Hi guys thanks for taking my questions. I’ll also have a couple. Maybe just first, you mentioned that you were re-segmenting the sales force to focus on larger enterprise opportunities. So I was hoping to understand some of the puts and takes there, the expense requirements and to what degree these efforts are being driven by customer pull or if this was more of a proactive push. How big of a driver the large enterprise could be in 2016?

Selina Lo

Yes, sure. So we have been, actually over the last few quarters, hiring more and more sales managers with direct touch and larger enterprise experience, and it has been our plan to touch higher enterprises, higher education and larger enterprises. As part of it is that we are seeing those opportunities opening up to us, because we have been evolving our products from just Wi-Fi infrastructure to now high-value solutions with our NFV controllers as well as SPoT and SCI and Cloudpath.
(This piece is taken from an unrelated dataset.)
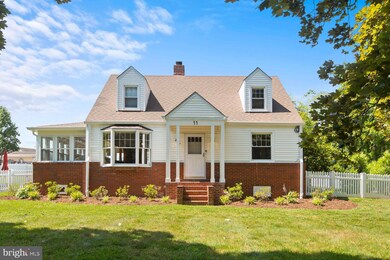 11 South River Clubhouse Rd, Edgewater, MD 21037 - photo 2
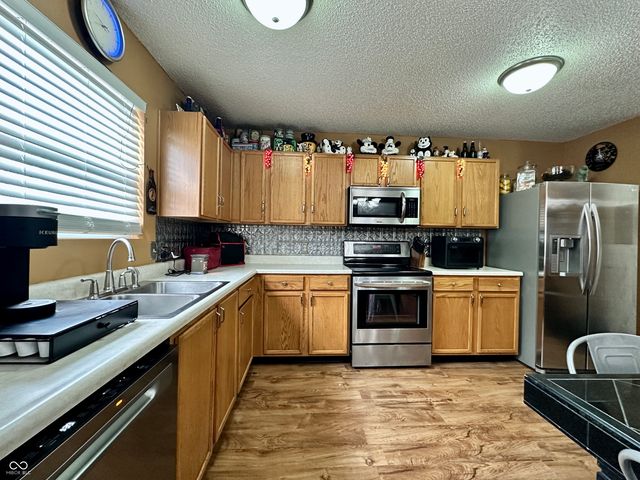 8538 Abbey Dell Drive, Indianapolis, IN 46113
And so we know that there are lots of opportunities for us there and we decided this year to focus some of our sales force specifically to provide high touch support in those accounts, and at the same time in our channel organization, we have been optimizing that organization, leveraging channel programs and leveraging other resources we have, so that we can continue to grow our core business, especially since now we have very, very SMB-targeted products such as Unleashed as well as the R310.

Seamus Hennessy

And in addition to that, we will be leveraging the partnerships with Brocade, IBM and Juniper, but we also expect that sales and marketing as a percentage of revenue to continue to operate within our long-term model of 25% to 28%.

Jess Lubert

And then maybe just following up on that, Seamus, you're spending some relatively consistent in the last two quarters but your operating margin guidance seems to assume it is likely to increase sequentially during the March quarter. So I was just hoping to understand some of the Q1 expenses, and how should we should be thinking about the OpEx glide path beyond the March quarter. How do we get to that 17% operating margin our objective to end the year?

Seamus Hennessy

Yes, in regards to Q1, seasonally in Q1 we always see operating expenses increase. We have compliance costs in Q1 related being the public company, employer taxes reset at the start of the year and we also host our annual worldwide sales conference in Q1 and we also have a full quarter of operating expenses associated with the Cloudpath acquisition that we actually closed last quarter. But as we look out towards the rest of the year, we do expect R&D as a percentage of revenue to decline throughout the year. While it will slightly increase in real dollars, we do expect that R&D as a percentage of revenue will decline during the year. We continue to see sales and marketing within our long-term model of 25% to 28% and we've been efficient there, and we expect to continue to drive continued operating efficiency out of our G&A organization, so we are committed to hitting the 17% throughout the year.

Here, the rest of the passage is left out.